In Part II we introduced the _load(self, parsed_data_iter) method, agnostic of any implementation details. Let’s implement the method!

Naively, we could insert one row at a time, as each is parsed, as follows:

async def _load(self,
               parsed_data_iter: Iterator[RefSnpCopyFromData]):
    conn = await asyncpg.connect(database=self.database_name,
                                 user="SeanH")
    for copy_from_data in parsed_data_iter:
        for table_name in copy_from_data._fields:
            rows = getattr(copy_from_data, table_name)
            for row in rows:
                await conn.execute(
                    f"INSERT INTO {table_name} "
                    "{row._fields} "
                    "VALUES ($1, $2)", *row)

But we can do better than this!

PostgreSQL has the best (strong opinion loosely held) BULK INSERT method available.

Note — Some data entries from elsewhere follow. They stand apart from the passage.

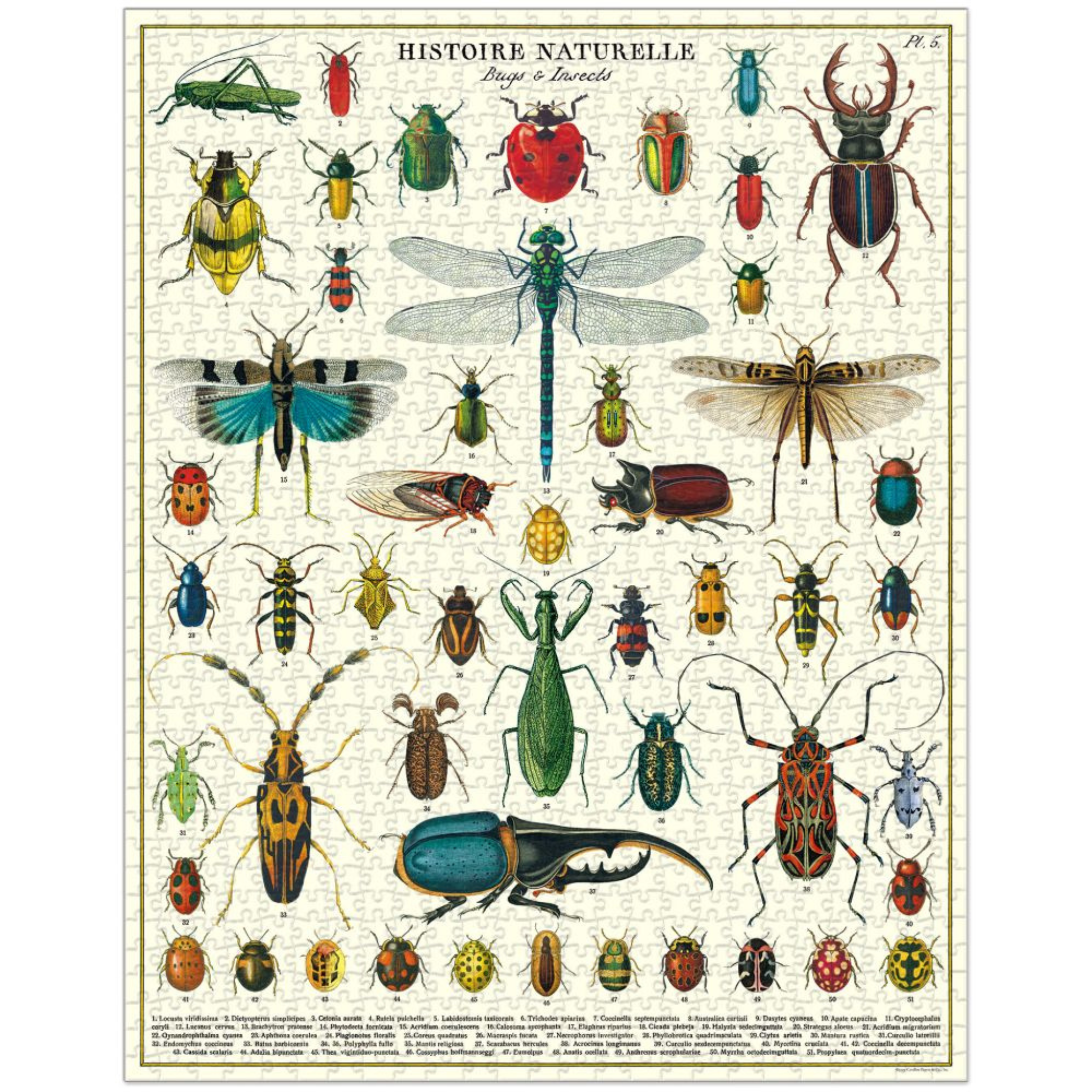 Bugs & Insets 1000PC Puzzle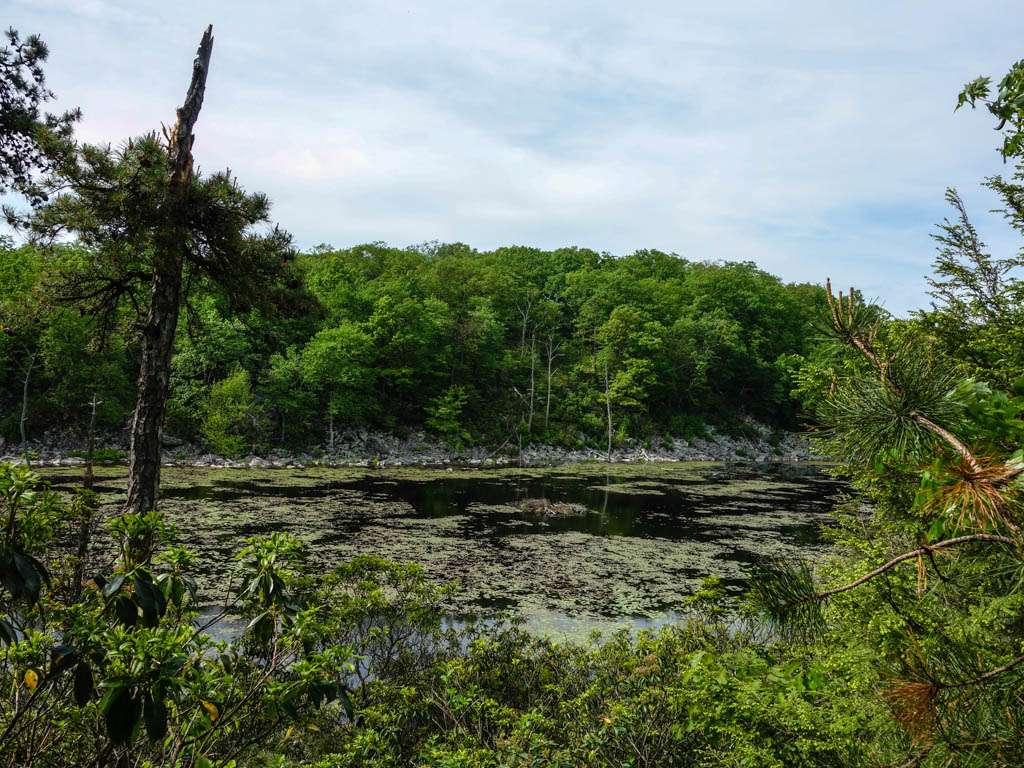 Beaver Pond | Appalachian Trail, Newton, NJ 07860, USA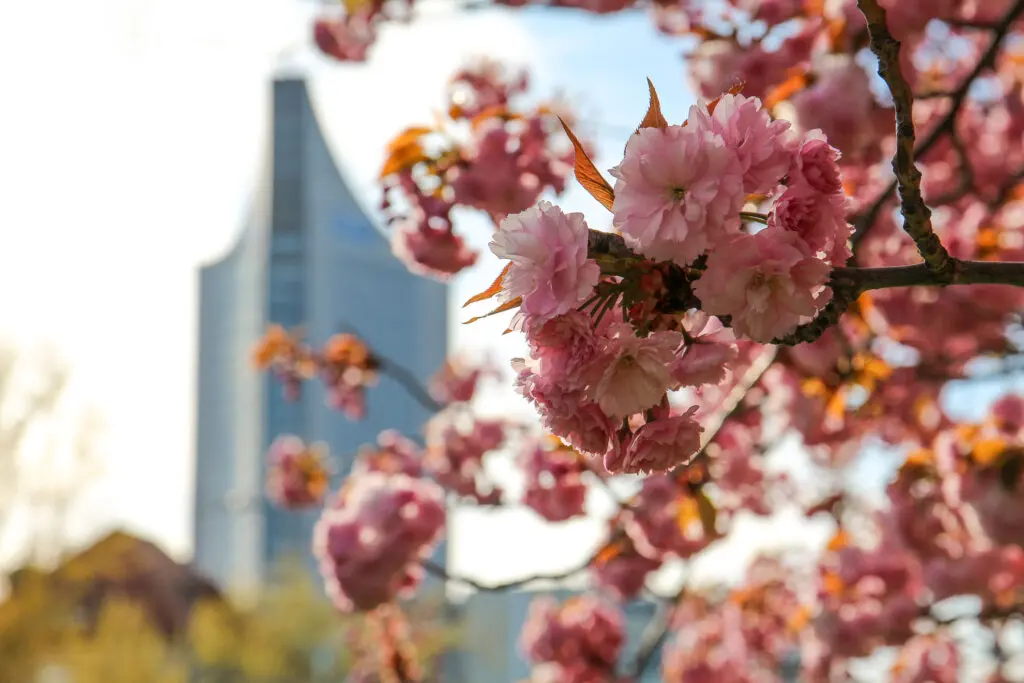 City-Hochhaus Leipzig hinter zarten Kirschblütenzweigen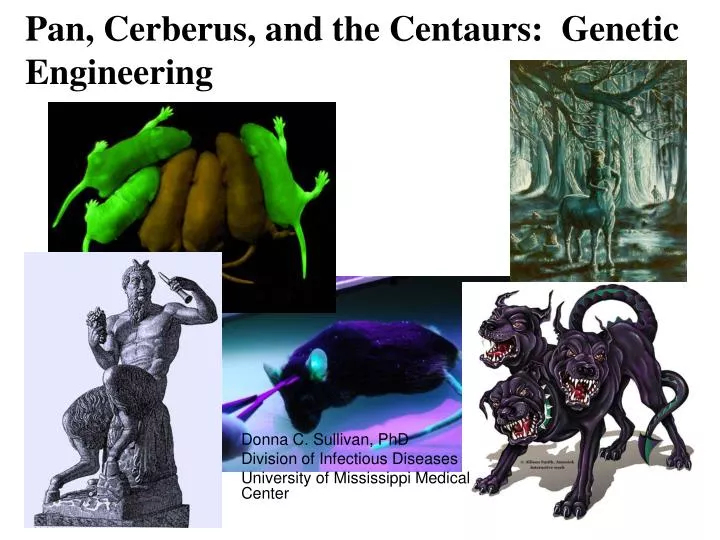 pan cerberus and the centaurs genetic engineering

I make this claim having written ETLAlchemy: a library facilitating full-database (schema and data) migrations between any database supported by SQLAlchemy Core.

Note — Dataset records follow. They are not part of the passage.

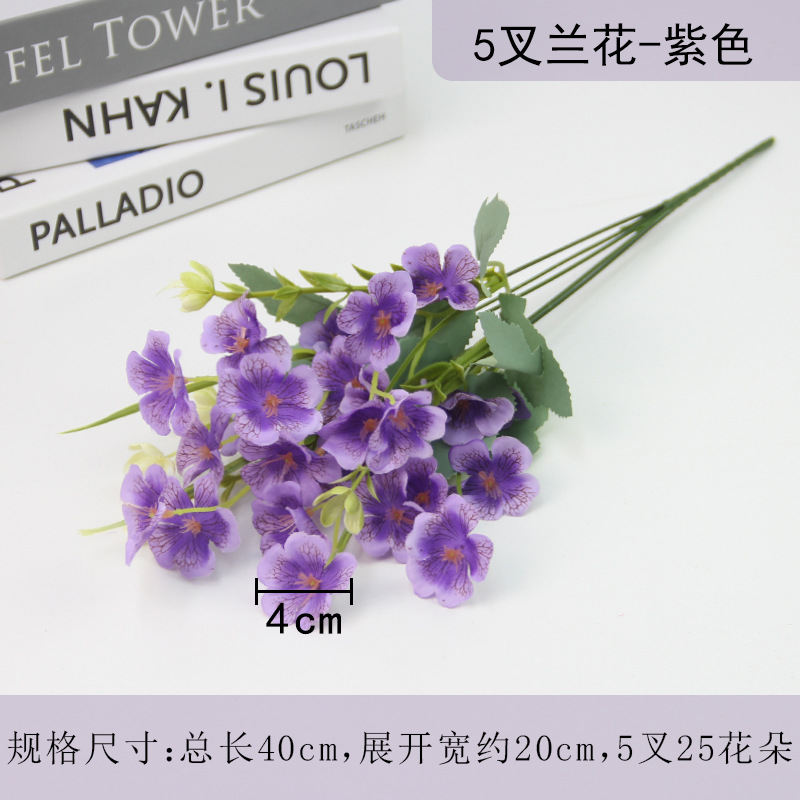 Purple, orchid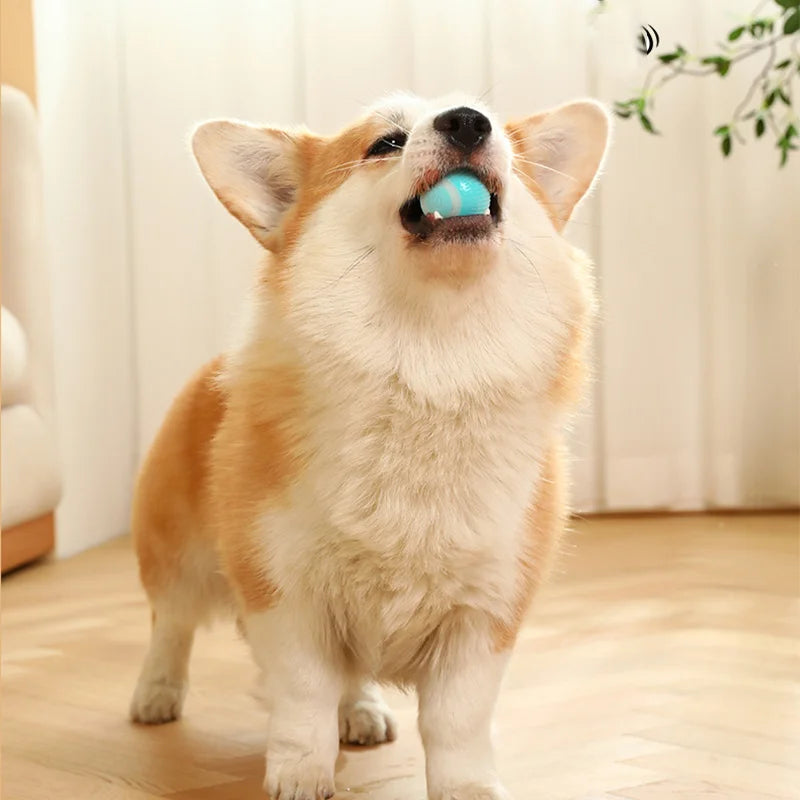 Auto Rolling Ball Self-moving Puppy Games Toys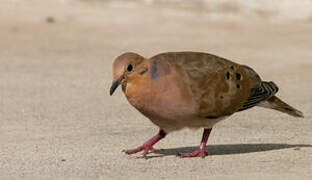 Zenaida Dove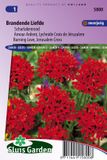 Sluis Garden Brandende Liefde Scharlakenrood (Lychnis)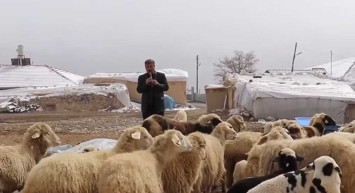 Malatya'da bin 700 rakımda yaşayan koyunların en büyük hobisi kaval dinlemek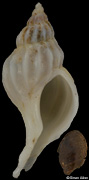 Boreotrophon pacificus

To properly bulk-insert, we need a buffer to continuously aggregate our data, and bulk-insert/dump buffer to the database intermittently when we hit our threshold.

Let’s try this:

Github Link

    async def _load(self, parsed_data_iter):
        conn = await asyncpg.connect(
            database=self.database_name, user="SeanH")
        await conn.execute(
            "SET session_replication_role to 'replica'")
            # This should stop FK checks...
        table_names = [table_name
                       for table_name in RefSnpCopyFromData._fields]
        row_buff_dict = {table_name: []
                         for table_name in table_names}
        buff_size = 0
        for copy_from_data in parsed_data_iter:
            for table_name in table_names:
                for copy_from_row in getattr(copy_from_data,
                                             table_name):
                    row_buff_dict[table_name].append(copy_from_row)
            buff_size += 1
            if buff_size % 5000 == 0:  # Dump
                print(f"Dumping (SNPs Processed: {buff_size})")
                await self._dump_buffer(row_buff_dict, conn)
                row_buff_dict = {table_name: []
                                 for table_name in table_names}
                print("Done.")
        await conn.close()

    async def _dump_buffer(self, row_buff_dict, conn):
        for table_name in row_buff_dict.keys():
            records = row_buff_dict[table_name]
            if not records:
                continue
            await conn.copy_records_to_table(
                table_name,
                records=records,
                columns=records[0]._fields)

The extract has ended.